True, evolution can function with small-mind agents.  They can differentially 
survive based on fitness.   Requiring an entirely separate platform for 
survival with different bodies for locomotion, immune system, etc. is wasteful. 
  A big system like the U.S. government or a corporation makes many commitments 
that makes conceptually simple things like deploying EV chargers take years.   
But if the big system weren't many slow minds constrained by many rules, but 
one fast mind, I don't see a reason why it couldn't be agile.   LLMs are faster 
when they are small and dumb, but they aren't that much faster.   (I don't use 
Haiku, I use Sonnet -- I'd rather get a good answer than a slightly faster or 
cheaper answer.)

The CS analogies are obvious:  64-bit address spaces are more useful than 
32-bit and 32-bit are more useful than 16-bit.   Once the address space is big 
enough one can run whole separate systems.   Swarms of Swarms of Swarms all 
simulated on the same platform, not federated across systems.   
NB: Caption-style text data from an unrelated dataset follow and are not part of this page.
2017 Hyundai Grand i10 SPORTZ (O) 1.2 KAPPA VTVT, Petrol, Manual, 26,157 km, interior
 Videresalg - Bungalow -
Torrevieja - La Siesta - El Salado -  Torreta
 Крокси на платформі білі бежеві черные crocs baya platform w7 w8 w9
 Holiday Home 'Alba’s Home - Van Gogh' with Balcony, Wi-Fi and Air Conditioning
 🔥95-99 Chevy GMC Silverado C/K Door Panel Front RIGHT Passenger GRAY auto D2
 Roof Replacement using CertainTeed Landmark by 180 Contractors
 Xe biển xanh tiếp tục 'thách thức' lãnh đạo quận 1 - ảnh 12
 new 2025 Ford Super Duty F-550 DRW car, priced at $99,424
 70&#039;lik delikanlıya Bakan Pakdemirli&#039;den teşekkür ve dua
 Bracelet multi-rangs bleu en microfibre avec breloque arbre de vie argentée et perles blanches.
Professionals are middle-aged by the time they start to work.   It doesn't seem 
sustainable.   Evolution worked for bootstrapping, but it is costly to keep it 
going. 

-----Original Message-----
From: Friam <[email protected]> On Behalf Of glen
Sent: Wednesday, May 7, 2025 11:12 AM
To: [email protected]
Subject: Re: [FRIAM] a variety of uses

As always, there's a tradeoff at least analogous to space and time. The primary 
benefit I see to many independents isn't pluralism so much as the ability to 
explore (and co-construct) pathological spaces. It's still a single/monist 
space, just very weird. The one massive LLM seems to imply a convex space where 
any point can be reached (even if only by interpolation).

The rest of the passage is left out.